- Lord Vishnu, the chief deity at the temple

Religion
- Affiliation: Hinduism
- District: Chennai
- Deity: Sri Venkatesa Perumal

Location
- Location: Medavakkam
- State: Tamil Nadu
- Country: India

Architecture
- Type: Dravidian architecture

= Melatirupati =

Melatirupati is a hindu temple located in Chennai, Tamil Nadu, India. It is dedicated to the Hindu god Venkatesa Perumal.

==Location==
The temple is located on Pillayar Koil Street at Medavakkam, a southern neighbourhood of Chennai.

==Devotion==
The temple, also called Mela Tirupati, an abode of Sri Srinivasa Perumal (Lord Balaji). The "Dwajasthambam" is seen at the entrance.
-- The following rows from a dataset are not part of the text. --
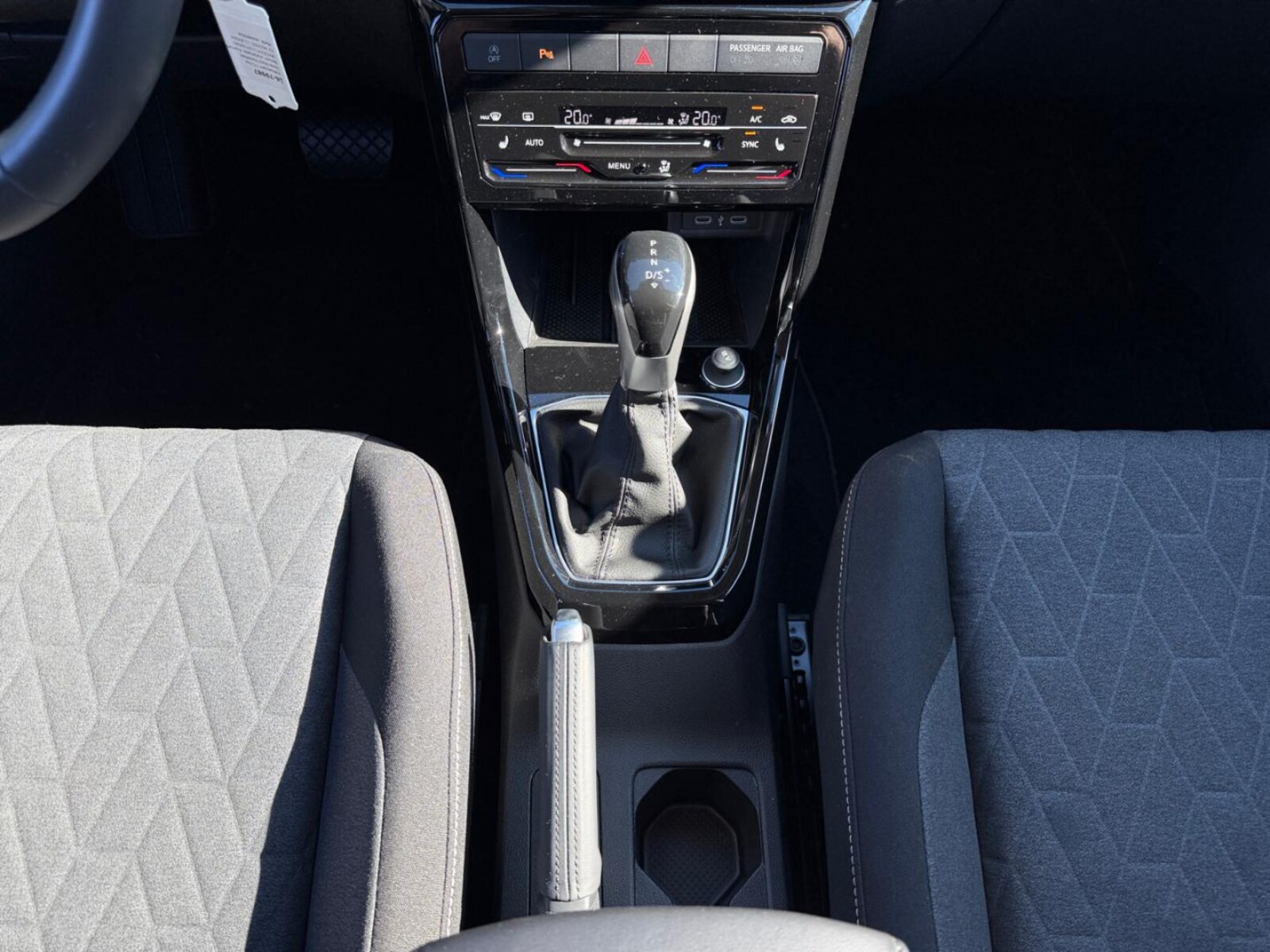 Volkswagen T-Cross – Bild 8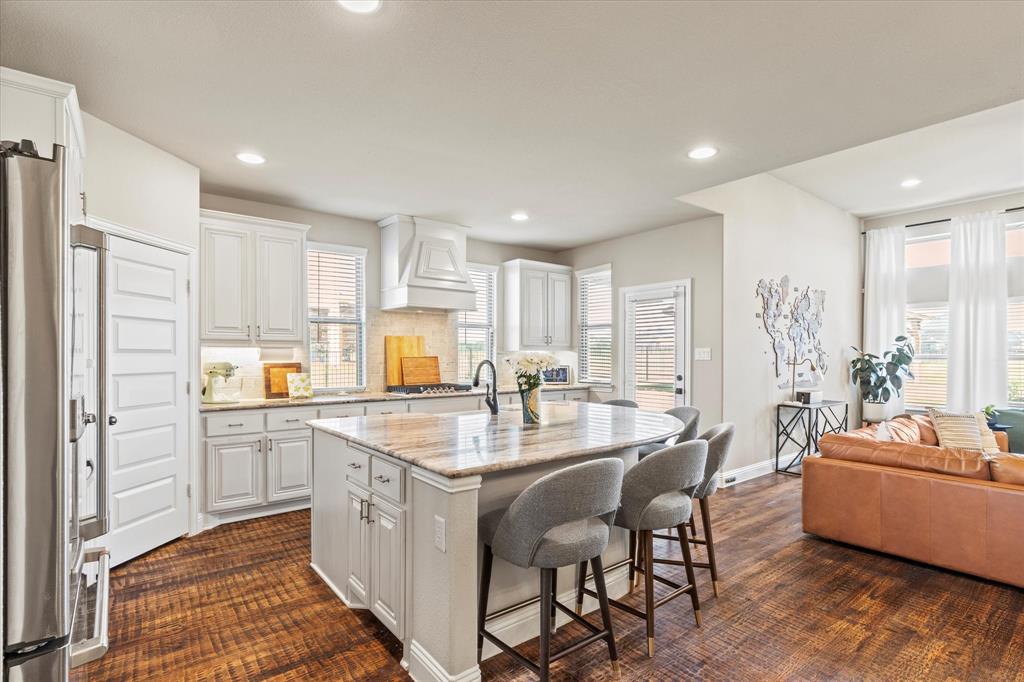 1263 W Farmington Road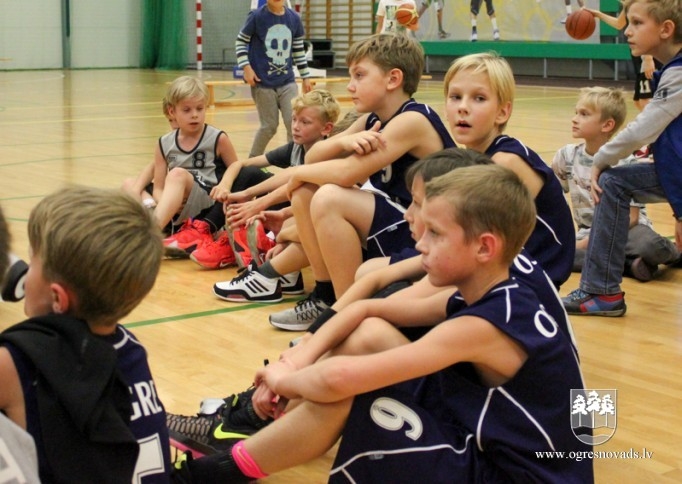 Jaunie Ogres basketbolisti izcīna Mārupes kausu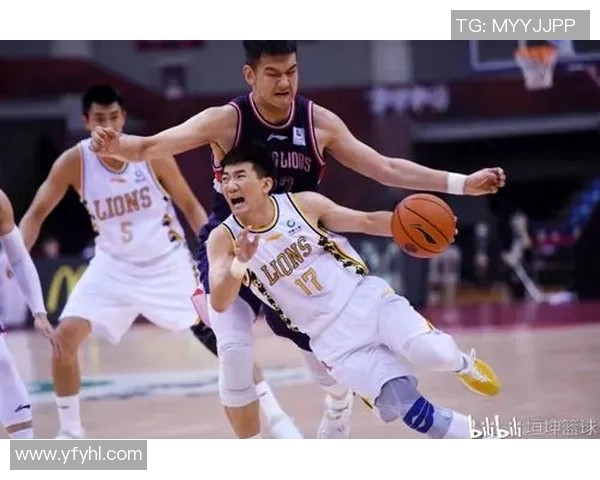 八一广厦迎战广东海豚期待精彩对决与激烈碰撞 八一广厦迎战广东海豚期待精彩对决与激烈碰撞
The Bali Peetam and the Kodi Maram (flag post) are seen at the entrance. Further ahead is "Garuda Alwar" praying to the Lord with folded hands facing the main deity. Next to Sri Srinivasa Perumal is Padmasani Thayar and Andal in separate shrines.

==Other shrines==
There is Sri Hanuman opposite to goddess Padamasani and Ramar Padugai (feet) opposite to Andal. As one goes around the sanctum there are separate shrines for Varahar, Narasimhar, Venugopalar, Ramar and Chkaratalwar. There is a Ganesha temple and Sakthi temple outside the main temple. There are also utsava murthis of alwars and acharyas.

==Samprokshanam==
The most recent samprokshanam took place on 8 April 2015.